Doner Advertising
- Industry: Advertising
- Founded: 1937; 89 years ago in Baltimore, Maryland, United States
- Founder: Wilfred Doner
- Headquarters: Southfield, Michigan, United States
- Website: doner.com

= Doner Company =

American advertising agency

Doner Company (formerly W. B. Doner & Co.) is an American advertising agency headquartered in Southfield, Michigan. It was founded in 1937 by Wilfred Doner, better known as Brod Doner. The Doner Company also has a United Kingdom-based agency called Doner London.

==History==

The company opened in Baltimore in 1937 as W. B. Doner & Co. It was founded by Wilfred "Brod" Doner. Doner died in 1990 at the age of 75 and the company later dropped the initials from its name. The company is an independent advertising agent and has long been one of the largest. After a fire destroyed its office in Southfield in 1996, it re-emerged as an international company and expanded its reach to clients outside of the United States.
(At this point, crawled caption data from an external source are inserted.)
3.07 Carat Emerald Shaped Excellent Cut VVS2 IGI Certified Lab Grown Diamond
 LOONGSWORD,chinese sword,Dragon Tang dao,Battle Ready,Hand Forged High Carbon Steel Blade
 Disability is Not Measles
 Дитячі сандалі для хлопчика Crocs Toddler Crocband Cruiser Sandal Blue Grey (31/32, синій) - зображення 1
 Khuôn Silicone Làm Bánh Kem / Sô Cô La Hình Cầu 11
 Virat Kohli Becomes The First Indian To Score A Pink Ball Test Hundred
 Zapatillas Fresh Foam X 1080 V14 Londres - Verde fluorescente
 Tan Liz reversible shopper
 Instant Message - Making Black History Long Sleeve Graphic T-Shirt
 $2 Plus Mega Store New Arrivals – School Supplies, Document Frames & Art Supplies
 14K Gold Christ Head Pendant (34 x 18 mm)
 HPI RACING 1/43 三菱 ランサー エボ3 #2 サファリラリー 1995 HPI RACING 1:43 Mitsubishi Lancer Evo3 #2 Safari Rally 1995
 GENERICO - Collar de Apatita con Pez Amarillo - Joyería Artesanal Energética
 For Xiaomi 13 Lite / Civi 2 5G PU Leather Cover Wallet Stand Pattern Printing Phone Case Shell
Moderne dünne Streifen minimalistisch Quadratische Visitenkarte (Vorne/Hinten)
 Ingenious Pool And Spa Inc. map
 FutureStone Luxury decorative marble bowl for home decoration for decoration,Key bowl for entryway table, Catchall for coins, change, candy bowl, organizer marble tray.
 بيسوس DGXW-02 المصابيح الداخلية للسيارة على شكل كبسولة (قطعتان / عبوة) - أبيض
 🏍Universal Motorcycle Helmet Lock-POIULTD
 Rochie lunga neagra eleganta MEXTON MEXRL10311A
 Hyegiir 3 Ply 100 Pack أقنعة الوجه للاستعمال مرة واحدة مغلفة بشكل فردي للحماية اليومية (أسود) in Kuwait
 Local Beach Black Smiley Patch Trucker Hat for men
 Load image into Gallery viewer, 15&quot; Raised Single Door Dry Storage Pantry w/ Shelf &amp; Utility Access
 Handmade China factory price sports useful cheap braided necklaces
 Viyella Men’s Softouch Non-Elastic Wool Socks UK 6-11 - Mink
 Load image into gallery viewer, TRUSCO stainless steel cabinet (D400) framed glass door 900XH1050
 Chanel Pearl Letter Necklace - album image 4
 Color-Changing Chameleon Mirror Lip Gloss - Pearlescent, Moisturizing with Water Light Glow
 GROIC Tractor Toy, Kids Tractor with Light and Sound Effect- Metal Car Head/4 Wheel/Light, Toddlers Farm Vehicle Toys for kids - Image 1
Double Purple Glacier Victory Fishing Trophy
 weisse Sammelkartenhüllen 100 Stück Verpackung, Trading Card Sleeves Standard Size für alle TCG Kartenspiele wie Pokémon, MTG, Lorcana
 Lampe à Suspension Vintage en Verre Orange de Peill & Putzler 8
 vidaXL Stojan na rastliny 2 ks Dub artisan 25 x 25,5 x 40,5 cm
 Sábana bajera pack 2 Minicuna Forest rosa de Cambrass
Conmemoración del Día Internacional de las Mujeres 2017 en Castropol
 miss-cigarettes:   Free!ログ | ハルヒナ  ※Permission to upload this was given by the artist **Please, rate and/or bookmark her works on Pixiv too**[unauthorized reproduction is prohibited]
In April 2012, Doner sold a minority interest to MDC Partners.

==Campaigns==

W. B. Doner's 1950s campaign for Timex, "Takes a licking and keeps on ticking," was ranked 40th in a list of top advertising campaigns of the 20th century by Advertising Age.

They invented Mazda's "Zoom Zoom" advertisement in 1997, but lost that account in 2010. Mazda had been about 20% of Doner's overall business.

In 2004, the company created the character Mr. Six for the regional theme park chain Six Flags. The character was used from 2004 to 2010, and was brought back in 2024.